Sit down, if you're not already doing so.
Property values have taken a dramatic leap since the last reappraisal period, and could impact tax bills accordingly.
On April 30, the El Paso County Assessor's Office will mail notices of value to property owners showing how much values have changed, based on the reappraisal period of July 1, 2018, through June 30, 2020.
Countywide, values rose nearly across the board, though some categories of property remained flat, said Assessor Steve Schleiker, who's conducting a series of public meetings to explain the changes.
Here's a rundown by category:
• Single-family homes, which include condos, townhomes and manufactured mobile homes — up by 15 to 20 percent.
Vacant and agricultural land
• Vacant residential land — up by 15 to 25 percent. "Developers are buying this land up and trying to build as fast as they can," Schleiker said.
• Vacant commercial — up by 15 to 20 percent.
• Irrigated agricultural land — down 1 percent.
• Dry land — down 3 percent.
• Dry grazing land — No change.
Apartment buildings/multiple family — up 25 to 30 percent.
Distribution warehouses — up 20 to 25 percent.
Storage warehouses — up 20 to 25 percent.
Retail stores — up 15 to 20 percent.
Neighborhood shopping centers — up 7 to 10 percent.

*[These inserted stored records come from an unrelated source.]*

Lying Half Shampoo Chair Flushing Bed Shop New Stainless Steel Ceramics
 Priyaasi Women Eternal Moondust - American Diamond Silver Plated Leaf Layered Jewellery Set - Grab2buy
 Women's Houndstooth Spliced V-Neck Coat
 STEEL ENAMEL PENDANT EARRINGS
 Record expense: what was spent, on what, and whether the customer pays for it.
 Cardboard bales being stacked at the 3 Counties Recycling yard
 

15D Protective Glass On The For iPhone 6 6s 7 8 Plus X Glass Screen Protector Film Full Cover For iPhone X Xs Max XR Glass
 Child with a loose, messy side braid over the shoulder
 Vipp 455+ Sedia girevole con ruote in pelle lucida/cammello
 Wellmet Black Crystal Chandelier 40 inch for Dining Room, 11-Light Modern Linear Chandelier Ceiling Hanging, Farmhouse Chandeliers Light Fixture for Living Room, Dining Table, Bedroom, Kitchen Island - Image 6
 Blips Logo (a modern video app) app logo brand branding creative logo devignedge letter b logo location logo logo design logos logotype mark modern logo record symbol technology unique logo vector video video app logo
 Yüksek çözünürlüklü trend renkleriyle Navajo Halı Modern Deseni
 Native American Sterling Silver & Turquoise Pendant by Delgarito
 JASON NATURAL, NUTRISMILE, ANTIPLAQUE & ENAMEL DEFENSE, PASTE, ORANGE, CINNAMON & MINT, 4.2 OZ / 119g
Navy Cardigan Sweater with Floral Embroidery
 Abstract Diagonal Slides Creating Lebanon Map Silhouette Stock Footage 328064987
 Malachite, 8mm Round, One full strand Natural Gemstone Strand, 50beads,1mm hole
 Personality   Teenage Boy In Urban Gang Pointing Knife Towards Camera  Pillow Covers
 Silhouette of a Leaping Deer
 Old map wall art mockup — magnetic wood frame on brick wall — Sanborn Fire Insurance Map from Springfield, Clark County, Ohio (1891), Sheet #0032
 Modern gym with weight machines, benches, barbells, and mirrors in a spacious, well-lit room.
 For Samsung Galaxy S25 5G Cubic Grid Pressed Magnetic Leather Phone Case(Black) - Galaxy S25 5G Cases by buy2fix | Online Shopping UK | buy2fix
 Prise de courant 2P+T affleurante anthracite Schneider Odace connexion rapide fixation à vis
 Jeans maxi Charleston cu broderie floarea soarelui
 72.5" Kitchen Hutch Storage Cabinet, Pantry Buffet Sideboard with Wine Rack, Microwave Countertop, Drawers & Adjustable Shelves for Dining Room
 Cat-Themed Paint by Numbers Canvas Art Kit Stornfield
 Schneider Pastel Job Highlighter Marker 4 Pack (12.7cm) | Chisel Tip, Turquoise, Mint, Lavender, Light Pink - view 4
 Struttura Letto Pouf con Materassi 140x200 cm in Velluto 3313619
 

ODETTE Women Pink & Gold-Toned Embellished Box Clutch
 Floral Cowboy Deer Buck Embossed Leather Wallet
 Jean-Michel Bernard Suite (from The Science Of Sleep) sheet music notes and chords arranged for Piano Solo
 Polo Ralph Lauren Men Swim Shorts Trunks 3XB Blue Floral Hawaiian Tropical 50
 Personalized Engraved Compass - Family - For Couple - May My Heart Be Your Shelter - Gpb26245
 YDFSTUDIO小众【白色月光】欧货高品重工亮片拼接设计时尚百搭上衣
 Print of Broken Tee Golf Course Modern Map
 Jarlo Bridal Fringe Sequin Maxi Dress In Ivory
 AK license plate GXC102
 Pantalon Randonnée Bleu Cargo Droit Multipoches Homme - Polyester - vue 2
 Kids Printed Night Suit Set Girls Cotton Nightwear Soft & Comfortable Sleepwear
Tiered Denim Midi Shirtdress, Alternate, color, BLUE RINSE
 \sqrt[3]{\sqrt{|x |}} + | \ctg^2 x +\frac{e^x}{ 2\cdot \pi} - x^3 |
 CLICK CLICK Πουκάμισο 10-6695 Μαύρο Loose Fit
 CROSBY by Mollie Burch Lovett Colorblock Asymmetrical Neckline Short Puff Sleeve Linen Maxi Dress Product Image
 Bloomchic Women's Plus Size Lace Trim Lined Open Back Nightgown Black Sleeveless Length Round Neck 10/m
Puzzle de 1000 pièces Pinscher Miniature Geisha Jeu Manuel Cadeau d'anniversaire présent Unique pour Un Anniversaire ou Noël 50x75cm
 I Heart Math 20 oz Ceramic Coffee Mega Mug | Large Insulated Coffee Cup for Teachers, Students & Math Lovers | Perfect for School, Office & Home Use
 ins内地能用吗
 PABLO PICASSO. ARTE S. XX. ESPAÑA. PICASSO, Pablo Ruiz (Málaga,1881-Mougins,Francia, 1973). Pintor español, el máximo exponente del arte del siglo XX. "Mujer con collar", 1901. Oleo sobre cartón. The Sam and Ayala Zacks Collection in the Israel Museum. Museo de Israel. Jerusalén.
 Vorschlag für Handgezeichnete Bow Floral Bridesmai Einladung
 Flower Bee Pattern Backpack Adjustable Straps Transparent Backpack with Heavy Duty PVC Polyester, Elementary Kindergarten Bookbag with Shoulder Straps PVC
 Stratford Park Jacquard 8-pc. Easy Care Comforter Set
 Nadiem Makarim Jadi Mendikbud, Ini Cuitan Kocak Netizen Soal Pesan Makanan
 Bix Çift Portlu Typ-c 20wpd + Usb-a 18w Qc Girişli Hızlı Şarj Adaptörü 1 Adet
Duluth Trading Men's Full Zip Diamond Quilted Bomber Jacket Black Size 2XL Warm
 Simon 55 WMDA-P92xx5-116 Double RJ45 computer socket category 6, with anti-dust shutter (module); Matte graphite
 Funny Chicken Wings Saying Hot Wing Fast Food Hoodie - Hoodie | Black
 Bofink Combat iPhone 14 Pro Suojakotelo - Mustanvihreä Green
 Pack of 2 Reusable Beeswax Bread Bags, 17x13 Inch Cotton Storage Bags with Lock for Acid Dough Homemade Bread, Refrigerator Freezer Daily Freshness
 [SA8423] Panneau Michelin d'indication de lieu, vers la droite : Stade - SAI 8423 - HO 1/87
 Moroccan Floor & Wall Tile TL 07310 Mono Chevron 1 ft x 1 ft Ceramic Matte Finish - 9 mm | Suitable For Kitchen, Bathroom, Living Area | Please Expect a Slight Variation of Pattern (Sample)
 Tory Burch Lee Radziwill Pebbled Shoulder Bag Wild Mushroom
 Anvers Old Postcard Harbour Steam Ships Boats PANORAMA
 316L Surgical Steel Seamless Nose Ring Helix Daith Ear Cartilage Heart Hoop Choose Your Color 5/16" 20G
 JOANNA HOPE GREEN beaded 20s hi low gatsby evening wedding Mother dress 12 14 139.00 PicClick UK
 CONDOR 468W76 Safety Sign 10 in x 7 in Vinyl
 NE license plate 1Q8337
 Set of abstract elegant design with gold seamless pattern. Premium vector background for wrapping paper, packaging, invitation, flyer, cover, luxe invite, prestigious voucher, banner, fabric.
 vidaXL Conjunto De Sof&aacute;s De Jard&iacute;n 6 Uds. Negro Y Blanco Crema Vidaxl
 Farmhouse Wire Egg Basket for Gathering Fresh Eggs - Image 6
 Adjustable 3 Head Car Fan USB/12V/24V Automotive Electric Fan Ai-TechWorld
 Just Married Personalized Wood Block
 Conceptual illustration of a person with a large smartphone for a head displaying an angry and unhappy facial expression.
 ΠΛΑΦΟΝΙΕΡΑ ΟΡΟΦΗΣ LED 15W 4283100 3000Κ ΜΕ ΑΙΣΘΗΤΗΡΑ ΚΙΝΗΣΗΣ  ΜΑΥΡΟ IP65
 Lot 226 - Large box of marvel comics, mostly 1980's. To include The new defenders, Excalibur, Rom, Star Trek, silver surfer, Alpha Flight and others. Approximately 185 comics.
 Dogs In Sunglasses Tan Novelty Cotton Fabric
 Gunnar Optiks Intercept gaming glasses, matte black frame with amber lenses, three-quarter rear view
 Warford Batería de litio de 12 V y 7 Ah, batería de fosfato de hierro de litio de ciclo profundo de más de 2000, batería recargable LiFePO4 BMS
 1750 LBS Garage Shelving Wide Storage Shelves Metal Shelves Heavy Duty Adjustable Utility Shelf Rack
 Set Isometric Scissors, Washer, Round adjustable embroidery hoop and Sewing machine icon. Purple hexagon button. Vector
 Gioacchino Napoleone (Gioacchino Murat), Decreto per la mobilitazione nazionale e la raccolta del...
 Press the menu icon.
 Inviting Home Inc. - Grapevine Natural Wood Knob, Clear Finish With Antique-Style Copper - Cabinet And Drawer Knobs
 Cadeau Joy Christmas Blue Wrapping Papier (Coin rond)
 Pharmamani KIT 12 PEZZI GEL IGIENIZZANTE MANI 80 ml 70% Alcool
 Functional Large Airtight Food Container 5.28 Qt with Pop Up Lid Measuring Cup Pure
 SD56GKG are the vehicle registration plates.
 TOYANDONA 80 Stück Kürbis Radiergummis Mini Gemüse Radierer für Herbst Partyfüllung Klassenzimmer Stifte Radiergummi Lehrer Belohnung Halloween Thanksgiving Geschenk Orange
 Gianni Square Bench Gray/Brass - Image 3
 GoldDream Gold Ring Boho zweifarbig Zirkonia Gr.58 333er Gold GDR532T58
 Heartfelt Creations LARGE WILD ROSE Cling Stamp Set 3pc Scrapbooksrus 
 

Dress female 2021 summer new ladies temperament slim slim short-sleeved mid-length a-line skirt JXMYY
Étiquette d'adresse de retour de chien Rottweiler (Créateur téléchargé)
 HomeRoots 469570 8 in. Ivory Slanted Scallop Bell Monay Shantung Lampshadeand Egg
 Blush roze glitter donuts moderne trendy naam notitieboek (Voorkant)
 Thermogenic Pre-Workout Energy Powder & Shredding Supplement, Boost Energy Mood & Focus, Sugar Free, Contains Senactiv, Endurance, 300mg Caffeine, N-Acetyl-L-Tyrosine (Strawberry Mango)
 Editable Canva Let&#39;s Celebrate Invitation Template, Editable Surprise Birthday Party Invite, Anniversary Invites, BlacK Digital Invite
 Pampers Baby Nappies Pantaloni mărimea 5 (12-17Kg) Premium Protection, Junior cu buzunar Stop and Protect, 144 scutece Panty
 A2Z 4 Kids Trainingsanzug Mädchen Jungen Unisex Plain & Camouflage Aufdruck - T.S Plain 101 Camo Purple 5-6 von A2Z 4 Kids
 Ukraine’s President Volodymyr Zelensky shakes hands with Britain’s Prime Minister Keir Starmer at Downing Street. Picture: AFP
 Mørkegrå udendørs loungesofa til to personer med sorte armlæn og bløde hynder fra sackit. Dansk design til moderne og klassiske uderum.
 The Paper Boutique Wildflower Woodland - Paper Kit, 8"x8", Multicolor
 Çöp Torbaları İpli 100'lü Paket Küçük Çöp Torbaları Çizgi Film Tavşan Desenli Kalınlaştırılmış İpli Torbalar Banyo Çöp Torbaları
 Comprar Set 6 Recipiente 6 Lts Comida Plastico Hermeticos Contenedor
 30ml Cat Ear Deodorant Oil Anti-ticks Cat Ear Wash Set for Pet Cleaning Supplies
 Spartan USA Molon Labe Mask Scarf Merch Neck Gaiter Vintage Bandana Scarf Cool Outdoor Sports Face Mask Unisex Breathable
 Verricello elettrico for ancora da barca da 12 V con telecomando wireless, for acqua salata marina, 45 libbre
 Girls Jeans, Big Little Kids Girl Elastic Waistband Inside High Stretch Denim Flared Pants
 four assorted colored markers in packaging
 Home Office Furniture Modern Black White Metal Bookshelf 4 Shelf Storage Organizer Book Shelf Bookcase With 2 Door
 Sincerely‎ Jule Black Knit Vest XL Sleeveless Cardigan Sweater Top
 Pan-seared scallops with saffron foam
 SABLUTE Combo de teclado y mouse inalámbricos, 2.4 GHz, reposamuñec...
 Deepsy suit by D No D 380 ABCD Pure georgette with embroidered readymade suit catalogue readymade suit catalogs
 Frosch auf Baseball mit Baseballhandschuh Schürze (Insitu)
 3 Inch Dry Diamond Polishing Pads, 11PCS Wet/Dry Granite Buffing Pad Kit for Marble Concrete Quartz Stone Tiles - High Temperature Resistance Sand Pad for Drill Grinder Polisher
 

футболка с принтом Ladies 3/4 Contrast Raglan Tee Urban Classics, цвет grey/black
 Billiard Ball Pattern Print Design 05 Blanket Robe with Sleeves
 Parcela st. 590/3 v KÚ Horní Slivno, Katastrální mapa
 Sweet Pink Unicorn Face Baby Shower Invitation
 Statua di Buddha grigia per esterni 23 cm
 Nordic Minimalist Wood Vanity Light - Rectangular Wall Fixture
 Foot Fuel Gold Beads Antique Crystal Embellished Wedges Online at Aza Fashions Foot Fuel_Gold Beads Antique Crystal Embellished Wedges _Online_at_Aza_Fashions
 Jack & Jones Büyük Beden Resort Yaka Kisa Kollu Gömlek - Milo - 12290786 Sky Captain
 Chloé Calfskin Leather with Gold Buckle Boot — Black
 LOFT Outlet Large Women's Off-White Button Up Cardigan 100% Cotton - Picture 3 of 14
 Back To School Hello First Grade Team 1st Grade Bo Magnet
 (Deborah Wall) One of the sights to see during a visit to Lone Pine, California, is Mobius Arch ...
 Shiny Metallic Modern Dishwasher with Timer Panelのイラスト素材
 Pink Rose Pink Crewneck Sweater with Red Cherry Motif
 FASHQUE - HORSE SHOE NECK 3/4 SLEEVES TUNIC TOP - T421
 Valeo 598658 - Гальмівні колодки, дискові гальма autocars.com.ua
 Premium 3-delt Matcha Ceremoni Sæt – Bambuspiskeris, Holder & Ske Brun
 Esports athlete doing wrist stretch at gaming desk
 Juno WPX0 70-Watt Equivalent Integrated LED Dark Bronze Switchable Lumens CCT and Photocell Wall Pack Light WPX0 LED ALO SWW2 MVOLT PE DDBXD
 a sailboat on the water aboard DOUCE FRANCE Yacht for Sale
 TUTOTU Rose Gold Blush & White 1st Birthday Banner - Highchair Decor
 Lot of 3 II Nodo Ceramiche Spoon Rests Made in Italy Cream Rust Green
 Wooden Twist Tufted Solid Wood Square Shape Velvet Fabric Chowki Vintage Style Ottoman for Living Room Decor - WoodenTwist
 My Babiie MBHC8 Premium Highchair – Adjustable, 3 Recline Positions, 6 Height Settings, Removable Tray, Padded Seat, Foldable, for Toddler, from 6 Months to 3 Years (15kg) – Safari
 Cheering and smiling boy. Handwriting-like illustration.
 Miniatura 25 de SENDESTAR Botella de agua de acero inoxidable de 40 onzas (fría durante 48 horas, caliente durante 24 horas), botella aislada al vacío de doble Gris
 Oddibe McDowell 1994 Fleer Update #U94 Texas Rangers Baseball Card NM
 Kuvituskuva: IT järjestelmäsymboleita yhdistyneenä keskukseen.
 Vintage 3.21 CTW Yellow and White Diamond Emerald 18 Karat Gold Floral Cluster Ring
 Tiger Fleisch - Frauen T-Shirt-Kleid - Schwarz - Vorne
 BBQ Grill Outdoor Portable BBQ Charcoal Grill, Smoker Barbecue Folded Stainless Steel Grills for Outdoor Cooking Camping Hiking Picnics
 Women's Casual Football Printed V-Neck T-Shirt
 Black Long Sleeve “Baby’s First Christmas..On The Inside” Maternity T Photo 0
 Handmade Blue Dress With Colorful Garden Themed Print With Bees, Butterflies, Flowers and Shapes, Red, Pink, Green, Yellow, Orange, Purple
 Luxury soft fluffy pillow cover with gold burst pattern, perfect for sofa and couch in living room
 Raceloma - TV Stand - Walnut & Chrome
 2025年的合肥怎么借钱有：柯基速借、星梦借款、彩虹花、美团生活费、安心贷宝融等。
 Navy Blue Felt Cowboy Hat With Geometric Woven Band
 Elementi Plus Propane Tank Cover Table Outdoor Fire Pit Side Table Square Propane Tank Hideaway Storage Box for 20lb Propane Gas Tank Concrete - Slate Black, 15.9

"Sitdown" restaurants — up by 5 percent.
Fast foods — up 5 to 10 percent.
Office buildings — up 15 to 20 percent.
Medical offices — up 15 to 20 percent.
Manufacturing — No change.
Industrial condos — No change.
Taverns, pubs, gyms and theaters — No change.
Hotels and motels — No change.
Not all homes, taverns or commercial property saw those increases. Since the reappraisal is based on actual sales that occurred during the period, the changes will vary from neighborhood to neighborhood.
Schleiker is building a map that will show the increased by area of the county, which should be completed in the next few weeks.
Schleiker said despite the COVID-19 pandemic, sales and values have risen in many categories, notably commercial sales. During the 24-month reappraisal period, the county averaged 33 commercial sales per month.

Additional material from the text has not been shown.